Each line with the word "fairy" must appear in the answer, copied from the records.

====== Excerpted records ======

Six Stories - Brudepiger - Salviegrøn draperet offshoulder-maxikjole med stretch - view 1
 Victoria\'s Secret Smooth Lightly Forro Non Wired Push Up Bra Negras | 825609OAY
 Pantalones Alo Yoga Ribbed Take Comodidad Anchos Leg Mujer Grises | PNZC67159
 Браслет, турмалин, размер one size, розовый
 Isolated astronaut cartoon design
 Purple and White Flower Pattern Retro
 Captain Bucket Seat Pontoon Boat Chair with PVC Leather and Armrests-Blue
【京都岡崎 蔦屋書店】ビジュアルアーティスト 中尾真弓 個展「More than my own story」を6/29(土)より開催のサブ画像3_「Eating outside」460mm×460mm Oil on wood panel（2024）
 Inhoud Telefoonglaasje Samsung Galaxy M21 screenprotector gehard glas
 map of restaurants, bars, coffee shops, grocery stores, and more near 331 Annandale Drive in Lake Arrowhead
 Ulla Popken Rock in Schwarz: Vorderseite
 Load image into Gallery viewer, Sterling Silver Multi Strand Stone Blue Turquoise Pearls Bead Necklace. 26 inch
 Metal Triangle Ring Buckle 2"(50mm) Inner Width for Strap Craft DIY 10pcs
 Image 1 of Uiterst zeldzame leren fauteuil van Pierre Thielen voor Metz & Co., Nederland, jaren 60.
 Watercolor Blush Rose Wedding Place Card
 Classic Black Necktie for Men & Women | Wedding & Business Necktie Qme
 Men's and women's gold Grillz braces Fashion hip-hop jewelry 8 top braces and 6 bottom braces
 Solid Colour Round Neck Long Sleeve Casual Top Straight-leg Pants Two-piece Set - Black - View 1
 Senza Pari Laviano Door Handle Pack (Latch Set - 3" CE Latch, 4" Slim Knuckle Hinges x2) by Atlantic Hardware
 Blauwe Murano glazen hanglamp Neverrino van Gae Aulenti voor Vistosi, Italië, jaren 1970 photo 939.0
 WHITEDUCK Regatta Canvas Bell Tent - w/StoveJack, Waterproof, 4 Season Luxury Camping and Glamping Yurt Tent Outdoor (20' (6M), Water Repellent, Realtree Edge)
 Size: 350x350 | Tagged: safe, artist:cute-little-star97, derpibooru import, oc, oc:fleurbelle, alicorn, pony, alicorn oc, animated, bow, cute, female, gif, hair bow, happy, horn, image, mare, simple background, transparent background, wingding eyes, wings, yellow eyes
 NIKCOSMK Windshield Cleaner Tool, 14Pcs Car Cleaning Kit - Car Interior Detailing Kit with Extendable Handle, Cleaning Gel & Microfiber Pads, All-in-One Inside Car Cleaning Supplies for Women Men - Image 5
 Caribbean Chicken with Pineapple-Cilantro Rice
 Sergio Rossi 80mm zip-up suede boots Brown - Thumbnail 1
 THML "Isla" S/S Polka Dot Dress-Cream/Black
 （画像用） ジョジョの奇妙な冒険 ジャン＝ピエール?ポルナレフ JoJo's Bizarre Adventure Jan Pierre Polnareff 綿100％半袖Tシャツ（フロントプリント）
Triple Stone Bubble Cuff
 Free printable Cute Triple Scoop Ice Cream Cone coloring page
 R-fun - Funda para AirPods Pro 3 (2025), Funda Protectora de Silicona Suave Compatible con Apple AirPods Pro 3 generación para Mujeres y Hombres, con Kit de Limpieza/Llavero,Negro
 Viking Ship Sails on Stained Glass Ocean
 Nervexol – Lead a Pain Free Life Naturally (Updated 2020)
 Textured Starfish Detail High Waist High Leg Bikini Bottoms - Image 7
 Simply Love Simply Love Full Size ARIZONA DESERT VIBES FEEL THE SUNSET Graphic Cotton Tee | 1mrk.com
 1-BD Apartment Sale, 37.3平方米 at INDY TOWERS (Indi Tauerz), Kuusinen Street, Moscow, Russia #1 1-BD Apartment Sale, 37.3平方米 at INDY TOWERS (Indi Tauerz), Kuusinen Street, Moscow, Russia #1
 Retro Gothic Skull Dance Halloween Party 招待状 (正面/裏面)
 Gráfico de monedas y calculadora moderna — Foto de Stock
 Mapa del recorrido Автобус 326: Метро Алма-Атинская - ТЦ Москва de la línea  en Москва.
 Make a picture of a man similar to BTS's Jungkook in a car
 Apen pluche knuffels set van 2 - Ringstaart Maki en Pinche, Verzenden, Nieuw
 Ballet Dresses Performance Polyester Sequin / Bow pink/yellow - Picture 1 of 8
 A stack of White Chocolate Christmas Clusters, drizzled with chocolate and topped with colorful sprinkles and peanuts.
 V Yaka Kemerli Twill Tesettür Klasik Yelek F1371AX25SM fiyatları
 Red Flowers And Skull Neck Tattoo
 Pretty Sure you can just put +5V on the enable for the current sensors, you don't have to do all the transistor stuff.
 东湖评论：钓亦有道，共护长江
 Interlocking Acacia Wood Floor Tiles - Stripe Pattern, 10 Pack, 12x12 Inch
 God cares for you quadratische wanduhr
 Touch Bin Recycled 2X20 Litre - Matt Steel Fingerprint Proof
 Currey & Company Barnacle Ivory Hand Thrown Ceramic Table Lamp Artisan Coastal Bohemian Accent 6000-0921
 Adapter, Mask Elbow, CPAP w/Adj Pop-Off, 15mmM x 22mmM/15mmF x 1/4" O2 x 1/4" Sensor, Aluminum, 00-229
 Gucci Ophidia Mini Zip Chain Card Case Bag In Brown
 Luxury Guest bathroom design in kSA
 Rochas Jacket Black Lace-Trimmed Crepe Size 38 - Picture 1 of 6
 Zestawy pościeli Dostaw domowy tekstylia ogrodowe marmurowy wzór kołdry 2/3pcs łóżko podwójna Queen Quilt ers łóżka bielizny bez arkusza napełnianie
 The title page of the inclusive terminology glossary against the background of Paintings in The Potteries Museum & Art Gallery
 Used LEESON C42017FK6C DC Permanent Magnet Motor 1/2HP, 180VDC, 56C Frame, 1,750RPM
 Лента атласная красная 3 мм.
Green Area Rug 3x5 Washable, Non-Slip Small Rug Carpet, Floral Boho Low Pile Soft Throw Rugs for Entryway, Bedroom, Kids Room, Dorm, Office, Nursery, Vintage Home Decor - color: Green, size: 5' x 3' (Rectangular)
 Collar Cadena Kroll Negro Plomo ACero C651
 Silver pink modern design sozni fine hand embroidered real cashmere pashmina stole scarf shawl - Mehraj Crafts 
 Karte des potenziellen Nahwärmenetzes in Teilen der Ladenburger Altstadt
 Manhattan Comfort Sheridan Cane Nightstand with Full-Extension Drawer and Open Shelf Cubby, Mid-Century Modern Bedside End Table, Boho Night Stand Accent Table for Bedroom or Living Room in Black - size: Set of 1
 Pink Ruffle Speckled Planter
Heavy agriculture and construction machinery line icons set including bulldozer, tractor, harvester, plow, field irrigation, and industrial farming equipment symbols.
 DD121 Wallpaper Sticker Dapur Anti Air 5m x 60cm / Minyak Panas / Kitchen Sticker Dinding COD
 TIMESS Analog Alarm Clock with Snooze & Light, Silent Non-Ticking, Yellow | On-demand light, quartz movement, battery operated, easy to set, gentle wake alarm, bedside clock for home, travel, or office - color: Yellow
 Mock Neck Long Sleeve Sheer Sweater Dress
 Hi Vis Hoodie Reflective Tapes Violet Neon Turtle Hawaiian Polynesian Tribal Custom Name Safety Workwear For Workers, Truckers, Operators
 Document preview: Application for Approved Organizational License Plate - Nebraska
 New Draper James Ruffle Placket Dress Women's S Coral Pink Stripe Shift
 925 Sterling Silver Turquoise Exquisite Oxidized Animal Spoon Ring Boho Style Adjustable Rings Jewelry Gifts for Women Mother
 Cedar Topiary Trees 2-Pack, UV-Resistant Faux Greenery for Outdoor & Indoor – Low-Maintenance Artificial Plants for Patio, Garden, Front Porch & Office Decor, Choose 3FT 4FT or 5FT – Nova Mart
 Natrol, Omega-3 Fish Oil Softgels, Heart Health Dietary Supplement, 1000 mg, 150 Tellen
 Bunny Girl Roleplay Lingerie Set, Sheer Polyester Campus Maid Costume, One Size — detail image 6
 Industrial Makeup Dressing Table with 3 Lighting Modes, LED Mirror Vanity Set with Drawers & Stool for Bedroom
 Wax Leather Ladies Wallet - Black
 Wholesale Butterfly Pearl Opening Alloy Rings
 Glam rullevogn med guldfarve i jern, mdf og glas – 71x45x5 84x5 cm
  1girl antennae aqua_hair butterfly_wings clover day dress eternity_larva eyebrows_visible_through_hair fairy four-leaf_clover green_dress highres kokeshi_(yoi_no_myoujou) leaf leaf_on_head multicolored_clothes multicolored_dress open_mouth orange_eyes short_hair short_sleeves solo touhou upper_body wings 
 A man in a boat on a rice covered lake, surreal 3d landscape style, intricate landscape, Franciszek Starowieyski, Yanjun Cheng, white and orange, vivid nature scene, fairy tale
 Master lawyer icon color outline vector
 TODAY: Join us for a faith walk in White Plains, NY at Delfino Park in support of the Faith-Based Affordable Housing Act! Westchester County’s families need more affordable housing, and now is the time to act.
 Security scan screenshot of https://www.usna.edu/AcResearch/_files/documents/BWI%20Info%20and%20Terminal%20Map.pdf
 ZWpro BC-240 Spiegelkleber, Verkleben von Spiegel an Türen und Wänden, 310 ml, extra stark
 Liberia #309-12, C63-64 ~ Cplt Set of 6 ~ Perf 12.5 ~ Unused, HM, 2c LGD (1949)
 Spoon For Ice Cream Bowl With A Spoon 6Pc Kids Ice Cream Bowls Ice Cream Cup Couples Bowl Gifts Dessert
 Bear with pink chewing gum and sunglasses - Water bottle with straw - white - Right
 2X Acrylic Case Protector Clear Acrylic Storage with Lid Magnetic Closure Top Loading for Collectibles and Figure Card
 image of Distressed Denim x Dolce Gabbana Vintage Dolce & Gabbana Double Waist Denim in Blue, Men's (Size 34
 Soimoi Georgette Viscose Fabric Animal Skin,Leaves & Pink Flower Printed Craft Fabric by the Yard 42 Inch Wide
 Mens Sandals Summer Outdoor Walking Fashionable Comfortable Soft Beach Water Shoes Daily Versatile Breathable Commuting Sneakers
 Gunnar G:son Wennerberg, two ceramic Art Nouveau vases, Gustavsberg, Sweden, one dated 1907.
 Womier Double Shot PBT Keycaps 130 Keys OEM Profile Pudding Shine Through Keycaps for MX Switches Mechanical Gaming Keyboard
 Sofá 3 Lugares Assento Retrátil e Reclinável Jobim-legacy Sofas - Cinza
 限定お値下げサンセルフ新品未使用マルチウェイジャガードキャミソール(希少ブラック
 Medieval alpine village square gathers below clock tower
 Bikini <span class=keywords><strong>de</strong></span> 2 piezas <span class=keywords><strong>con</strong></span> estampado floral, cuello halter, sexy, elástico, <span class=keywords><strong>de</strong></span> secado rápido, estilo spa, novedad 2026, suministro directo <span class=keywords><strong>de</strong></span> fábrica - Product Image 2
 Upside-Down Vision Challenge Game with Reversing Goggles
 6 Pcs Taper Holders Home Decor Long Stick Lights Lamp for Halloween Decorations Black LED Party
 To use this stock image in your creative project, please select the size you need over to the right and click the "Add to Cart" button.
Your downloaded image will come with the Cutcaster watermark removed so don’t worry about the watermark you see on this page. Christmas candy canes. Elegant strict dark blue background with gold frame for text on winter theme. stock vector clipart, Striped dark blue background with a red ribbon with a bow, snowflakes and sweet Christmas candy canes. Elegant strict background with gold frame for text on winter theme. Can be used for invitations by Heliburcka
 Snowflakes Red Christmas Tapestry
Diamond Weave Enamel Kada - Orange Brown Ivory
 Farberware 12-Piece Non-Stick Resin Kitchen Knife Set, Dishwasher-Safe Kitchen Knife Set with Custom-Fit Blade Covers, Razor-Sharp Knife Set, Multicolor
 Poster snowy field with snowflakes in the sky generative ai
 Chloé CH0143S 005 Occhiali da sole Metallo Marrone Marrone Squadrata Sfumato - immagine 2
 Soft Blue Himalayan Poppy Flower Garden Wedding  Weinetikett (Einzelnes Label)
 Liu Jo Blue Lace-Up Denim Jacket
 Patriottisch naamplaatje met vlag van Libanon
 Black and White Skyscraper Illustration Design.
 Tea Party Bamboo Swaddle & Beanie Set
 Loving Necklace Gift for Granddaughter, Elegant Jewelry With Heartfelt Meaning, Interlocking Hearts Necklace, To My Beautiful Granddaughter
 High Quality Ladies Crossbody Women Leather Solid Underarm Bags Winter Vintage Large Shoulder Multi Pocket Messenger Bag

======

Solution to this problem:
  1girl antennae aqua_hair butterfly_wings clover day dress eternity_larva eyebrows_visible_through_hair fairy four-leaf_clover green_dress highres kokeshi_(yoi_no_myoujou) leaf leaf_on_head multicolored_clothes multicolored_dress open_mouth orange_eyes short_hair short_sleeves solo touhou upper_body wings 
 A man in a boat on a rice covered lake, surreal 3d landscape style, intricate landscape, Franciszek Starowieyski, Yanjun Cheng, white and orange, vivid nature scene, fairy tale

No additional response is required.